- _Work instructions_
Without including any pictures, copy every line below exactly.

- _Provided material_
++++++++

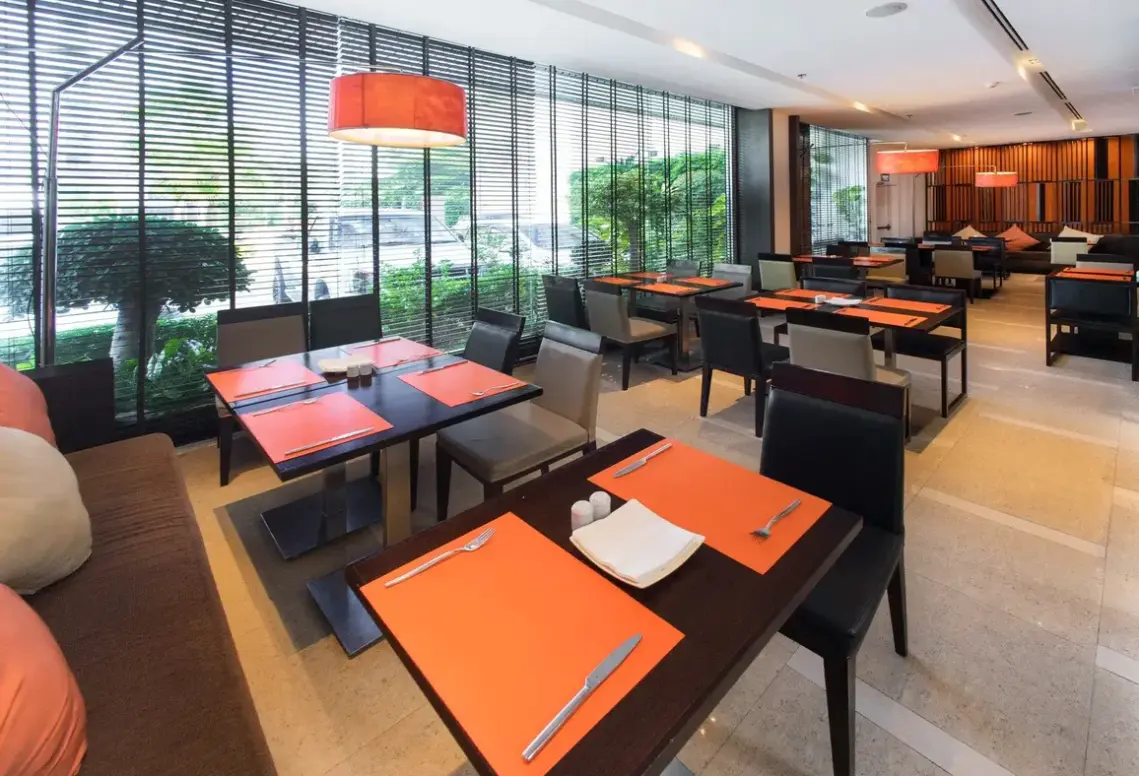 Restauracja i jedzenie w hotelu Signature Pattaya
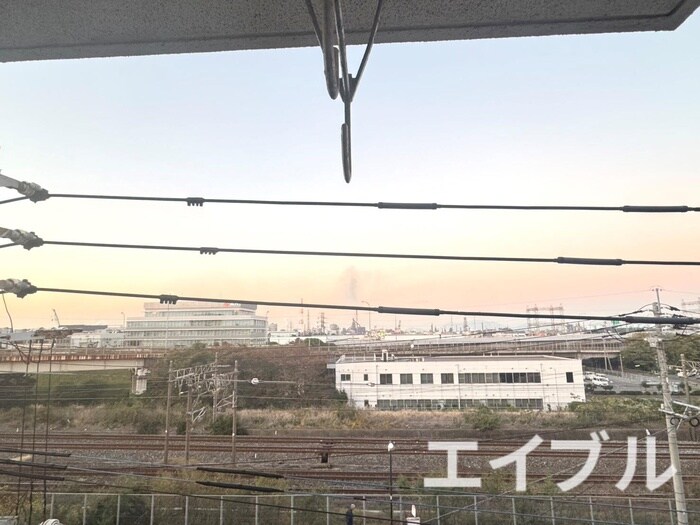 物件内観写真19　(室内からの展望)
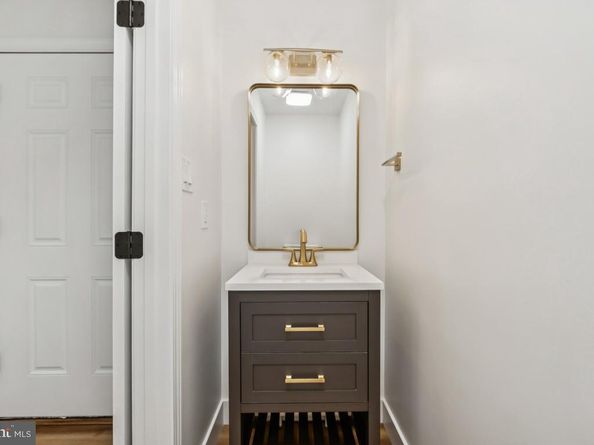 6182 Vine Forest Court, Falls Church VA 22044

++++++++

- _Response to this exercise_
 Restauracja i jedzenie w hotelu Signature Pattaya
 物件内観写真19　(室内からの展望)
 6182 Vine Forest Court, Falls Church VA 22044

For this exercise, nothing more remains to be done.